Please note that many early Bonifacio Echeverria pistols were not all even called Stars. The company began using the Izarra ('star' in spanish) trade name irregularly until about 1920, when pistols with the Star trade name and logo began to regularly appear.
During World War I, the fierce fighting resulted in the French army (La Grande Guerre) having shortfalls in all sorts of arms. As the available domestic factories were occupied with the production of rifles and machine guns — and some others were under German control — foreign suppliers were instead sought. Since Spain already had an established firearms manufacturing industry, and as right next door but not involved in the war, they were approached immediately.
The French Purchasing Commission selected firm of Gabilondo y Urresti-Eibar and their "Ruby" clone of the FN/Browning Model 1903 pistol in .32 ACP (7.65 mm) caliber. As the contract almost immediately escalated to 30,000 pieces a month, Gabilondo y Urresti subcontracted to a number of other Basque region manufacturers, including Bonifacio Echeverria.
A number of variations were produced, mostly involving minor profile changes. Additionally, a number of different barrel lengths were made. I am not sure if these were requested, or were simply individual subcontractors acting on whim.
The Ruby pistols vary from the Browning 1903 mostly in that the grip safety has been removed. They are simple, straight-blowback pistols, with an internal hammer, and manual safety lever just forward of the left grip panel. To fire, rotate up (clockwise) to the F, or Feu (Fire) position. Grip panels are almost invariably plain checkered wood. The magazine holds 9 shots in the original versions, but some contract variants hold 7 or 8 instead. Magazines are retained by a heel release, rotating about the same pin as the left-side lanyard ring.
Some pistols (including Izarra models I have seen) had a bump on the slide near the safety lever. This is a French mid-stream change to reduce the chance of the safety lever becoming un-applied while holstering.
These pistols were officially issued to Telephonists, Stretcher Bearers, Chauchat (Machine Gun) Gunners along with Loaders, and 37mm Mortar Crew. By 1918 they were also issued to Tank Crewmen.
It is also worth pointing out that there was very poor control of the subcontractors. Though the French authorities inspected all pistols issued, a great many of the same configuration have been sold commercially that were of low quality. Some of these pistols are downright dangerous to the shooter, even with such low-powered cartridges. Use caution when encountering an unknown Ruby style pistol even today; they can even go so far as to fire as soon as loaded. It is my opinion that this quality issue is what led to the reputation even today that Spanish pistols are of low quality.

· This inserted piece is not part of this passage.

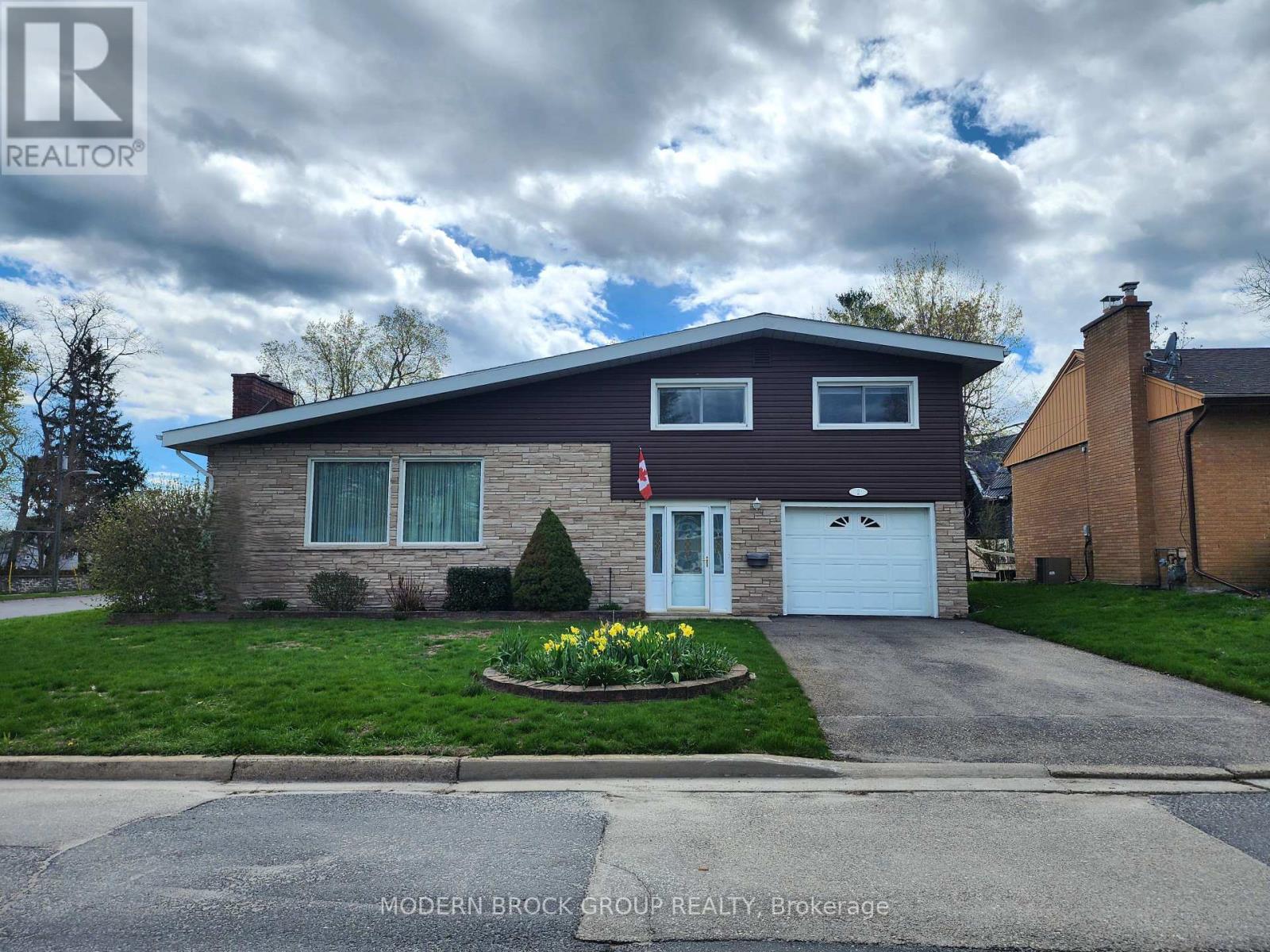 2 WOODLAWN PLACE, Brockville, Ontario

I do not have manuals for every pistol shown on this site. However, in many cases there is a related manual. Partly to make the series relationships clearer, and partly to assist with speed and accuracy of updating, all manuals can be found in one place, the manuals page. All manuals available are provided as downloadable PDFs, or you may purchase a printed copy of the entire set of handgun manuals.
I have no manual for this pistol, and do not envision obtaining one soon, especially not in english. Therefore, the following is an abbreviated set of instructions for the disassembly of all of the Ruby and similar pistols. This, and much other information in this section, is courtesy of the 151e RIL re-enactors.

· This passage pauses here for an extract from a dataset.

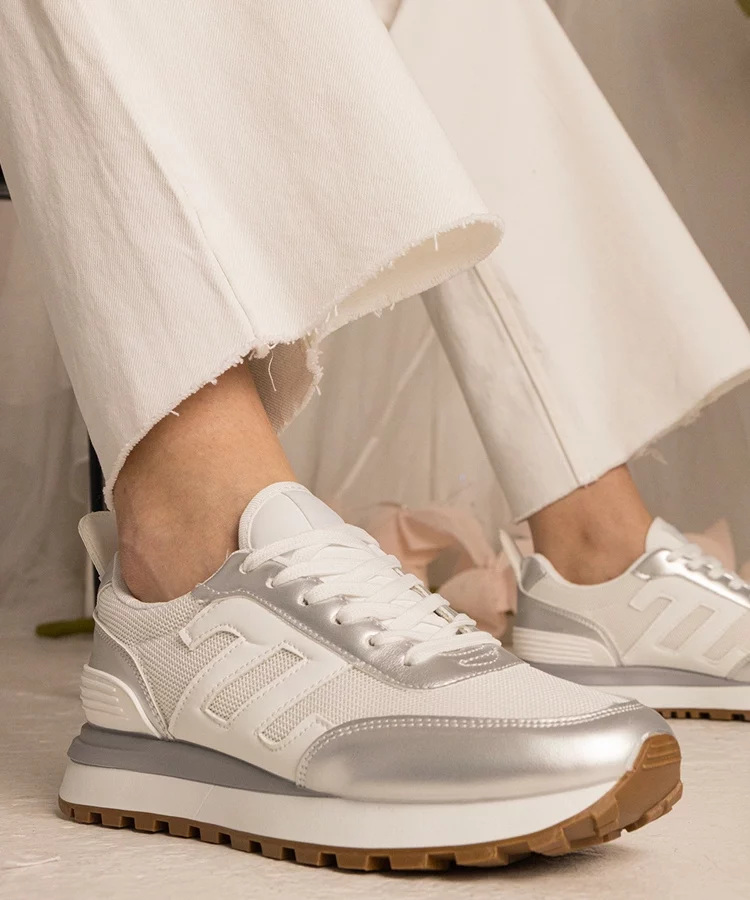 Białe-srebrne sneakersy damskie sportowe Marena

With so many companies subcontracted to make the Ruby clones, and others doing so without license, there is much confusion as to which is which. To further add to the confusion, most of these companies went out of business, many records were destroyed in the Civil War, and many other changed their name. A number of manufacturers sold their pistols entirely under trade names which did not include the company name.
The following is a list of the most common of many subcontractors to Gabilondo y Urresti for the French service pistols. The list includes manufacturers when known, additional trade names if any are known, and a letter code. The code will appear somewhere, but may only be clear on some obscure location. Do not use the magazine floorplate for identification, as these seem to have been commonly mixed (the floorplate identifier in the photo is accurate, and is shown as its a good photo). Most Izarra (Bonifacio Echeverria) pistols seem to have the I in a circle at the extreme rear of the left side of the frame.
Note that stars on the bottom of the grip denote acceptance by the French military authorities. They have nothing to do with Izarra or Star pistols per. se.
Though it can by no means be guaranteed, the poor quality clones referred to above should not have French acceptance marks or manufacturer codes. However, quality commercial variants also will not have the French acceptance marks. If unsure in any way as to the provenance of a pistol, use caution.
Regardless of the original quality of the pistol, these are very old guns, many of which saw service in at least one war. If you intend to shoot a pistol of this era, I urge you to take it to a competent gunsmith for inspection. He will usually be able to tell you if its a wall hanger or still a reliable shooter.